OCC-MP: A Max-Pressure framework to prioritize transit and high occupancy vehicles
Tanveer Ahmed, Hao Liu, Vikash V. Gayah
TL;DR
This paper addresses the limitation of Max Pressure (MP) signal control, which treats transit and high-occupancy vehicles like private cars. It introduces OCC-MP, an occupancy-aware MP variant that weights movements by upstream occupancy to implicitly prioritize transit and high-occupancy travel while preserving MP’s stability properties. The authors prove maximum stability for isolated intersections and demonstrate through microsimulation on a grid network that OCC-MP improves transit performance and overall passenger travel time, with robust performance under occupancy errors and partial connected-vehicle penetration. OCC-MP also remains effective in shared-lane networks without dedicated bus lanes, offering a practical, CV-compatible approach to transit signal priority without heavily constraining private-vehicle throughput. The work highlights OCC-MP’s potential to reduce dependence on dedicated lanes while supporting more efficient and reliable multimodal urban traffic.
Abstract
Max-pressure (MP) is a decentralized adaptive traffic signal control approach that has been shown to maximize throughput for private vehicles.

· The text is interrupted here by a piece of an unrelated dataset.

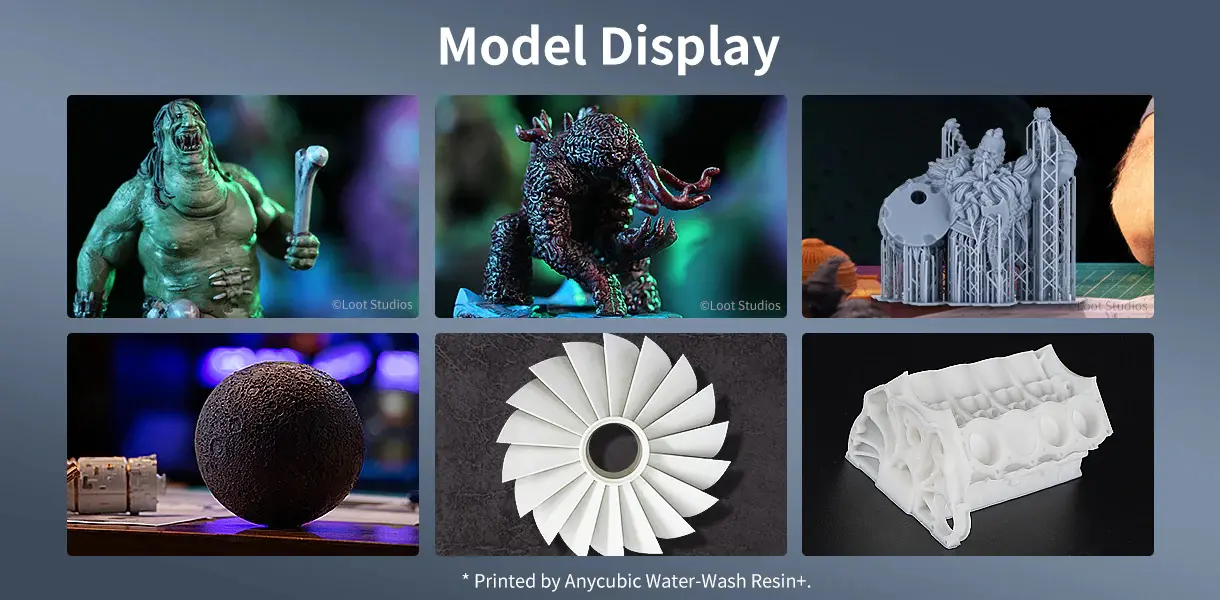 ANYCUBIC Water Washable Resin, Photopolymer Resin for 8K Capable LCD DLP 3D Printing, Low Viscosity and Fast Printing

However, MP-based signal control algorithms do not differentiate the movement of transit vehicles from private vehicles or between high and single-occupancy private vehicles. Prioritizing the movement of transit or other high occupancy vehicles (HOVs) is vital to reduce congestion and improve the reliability and efficiency of transit operations. This study proposes OCC-MP: a novel MP-based algorithm that considers both vehicle queues and passenger occupancies in computing the weights of movements. By weighing movements with higher passenger occupancies more heavily, transit and other HOVs are implicitly provided with priority, while accounting for any negative impacts of that priority on single occupancy vehicles. And, unlike rule-based transit signal priority (TSP) strategies, OCC-MP more naturally also accommodates conflicting transit routes at a signalized intersection and facilitates their movement, even in mixed traffic without dedicated lanes. Simulations on a grid network under varying demands and transit configurations demonstrate the effectiveness of OCC-MP at providing TSP while simultaneously reducing the negative impact imparted onto lower occupancy private vehicles. Furthermore, OCC-MP is shown to have a larger stable region for demand compared to rule-based TSP strategies integrated into the MP framework. The performance of OCC-MP is also shown to be robust to errors in passenger occupancy information from transit vehicles and can be applied when passenger occupancies of private vehicles are not available. Finally, OCC-MP can be applied in a partially connected vehicle (CV) environment when a subset of vehicles is able to provide information to the signal controller, outperforming baseline methods at low CV penetration rates.